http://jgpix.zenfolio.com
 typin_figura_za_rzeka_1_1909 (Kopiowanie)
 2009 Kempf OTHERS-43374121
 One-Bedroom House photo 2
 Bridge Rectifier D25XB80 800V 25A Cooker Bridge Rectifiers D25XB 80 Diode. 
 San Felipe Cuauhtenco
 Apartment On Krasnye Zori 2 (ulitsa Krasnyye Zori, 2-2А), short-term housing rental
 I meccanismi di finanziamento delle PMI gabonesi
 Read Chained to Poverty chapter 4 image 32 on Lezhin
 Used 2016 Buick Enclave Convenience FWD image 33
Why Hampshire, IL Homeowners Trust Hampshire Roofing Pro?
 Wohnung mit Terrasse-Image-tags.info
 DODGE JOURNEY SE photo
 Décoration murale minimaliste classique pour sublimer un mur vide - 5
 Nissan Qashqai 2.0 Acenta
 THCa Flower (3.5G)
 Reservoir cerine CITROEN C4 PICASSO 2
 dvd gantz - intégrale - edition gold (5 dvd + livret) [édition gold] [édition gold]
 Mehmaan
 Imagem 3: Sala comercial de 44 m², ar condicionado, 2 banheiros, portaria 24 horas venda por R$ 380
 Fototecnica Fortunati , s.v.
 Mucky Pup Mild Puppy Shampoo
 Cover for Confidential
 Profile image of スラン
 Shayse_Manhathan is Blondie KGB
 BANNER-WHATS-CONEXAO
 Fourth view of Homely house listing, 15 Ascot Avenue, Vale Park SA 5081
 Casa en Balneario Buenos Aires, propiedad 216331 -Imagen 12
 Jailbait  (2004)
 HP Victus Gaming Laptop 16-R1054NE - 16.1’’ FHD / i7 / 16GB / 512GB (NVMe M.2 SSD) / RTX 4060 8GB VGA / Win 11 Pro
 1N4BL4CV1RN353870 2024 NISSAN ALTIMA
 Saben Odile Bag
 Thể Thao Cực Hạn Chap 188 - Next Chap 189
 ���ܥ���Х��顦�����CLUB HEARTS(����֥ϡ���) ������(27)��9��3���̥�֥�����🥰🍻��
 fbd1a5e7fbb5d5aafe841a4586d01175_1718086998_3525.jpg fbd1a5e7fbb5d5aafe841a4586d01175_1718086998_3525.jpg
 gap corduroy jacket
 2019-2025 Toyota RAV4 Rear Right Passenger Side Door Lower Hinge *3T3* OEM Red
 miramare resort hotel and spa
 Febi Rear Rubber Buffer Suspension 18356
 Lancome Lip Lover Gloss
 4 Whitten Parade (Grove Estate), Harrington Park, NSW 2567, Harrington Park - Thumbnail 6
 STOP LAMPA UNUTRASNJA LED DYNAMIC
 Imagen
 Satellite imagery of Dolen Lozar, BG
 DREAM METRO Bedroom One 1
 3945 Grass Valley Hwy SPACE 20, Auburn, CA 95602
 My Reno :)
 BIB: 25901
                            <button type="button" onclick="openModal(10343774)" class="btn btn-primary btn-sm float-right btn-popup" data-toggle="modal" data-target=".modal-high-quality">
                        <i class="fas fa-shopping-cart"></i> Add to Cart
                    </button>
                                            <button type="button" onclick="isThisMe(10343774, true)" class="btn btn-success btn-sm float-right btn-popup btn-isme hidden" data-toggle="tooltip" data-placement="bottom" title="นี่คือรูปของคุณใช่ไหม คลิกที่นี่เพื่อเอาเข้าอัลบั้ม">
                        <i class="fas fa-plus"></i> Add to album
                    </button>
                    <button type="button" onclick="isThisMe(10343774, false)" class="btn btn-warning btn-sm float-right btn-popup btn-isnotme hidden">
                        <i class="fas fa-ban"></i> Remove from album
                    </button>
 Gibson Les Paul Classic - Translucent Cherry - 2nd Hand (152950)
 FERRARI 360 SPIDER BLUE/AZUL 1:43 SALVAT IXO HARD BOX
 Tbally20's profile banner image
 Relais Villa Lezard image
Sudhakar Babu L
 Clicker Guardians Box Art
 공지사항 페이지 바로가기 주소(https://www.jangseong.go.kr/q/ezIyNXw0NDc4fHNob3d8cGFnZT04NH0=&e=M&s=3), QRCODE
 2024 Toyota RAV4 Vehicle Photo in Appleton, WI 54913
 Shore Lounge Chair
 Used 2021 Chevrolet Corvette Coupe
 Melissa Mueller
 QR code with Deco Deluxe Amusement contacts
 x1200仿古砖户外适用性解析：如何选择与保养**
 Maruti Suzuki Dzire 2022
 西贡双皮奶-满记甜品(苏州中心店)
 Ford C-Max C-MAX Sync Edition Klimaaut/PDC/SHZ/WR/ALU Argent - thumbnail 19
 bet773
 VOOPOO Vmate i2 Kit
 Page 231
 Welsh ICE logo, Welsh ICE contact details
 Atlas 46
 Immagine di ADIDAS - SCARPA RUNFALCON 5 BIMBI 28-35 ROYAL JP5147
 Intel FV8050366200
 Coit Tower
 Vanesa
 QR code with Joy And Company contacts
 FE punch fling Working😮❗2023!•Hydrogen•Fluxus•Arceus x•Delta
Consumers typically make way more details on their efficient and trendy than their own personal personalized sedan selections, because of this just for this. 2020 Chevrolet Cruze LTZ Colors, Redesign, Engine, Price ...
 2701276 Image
=====
Prompt
Every line that contains the string "Toyota" should be copied from the entries.

Solution to this problem
 2019-2025 Toyota RAV4 Rear Right Passenger Side Door Lower Hinge *3T3* OEM Red
 2024 Toyota RAV4 Vehicle Photo in Appleton, WI 54913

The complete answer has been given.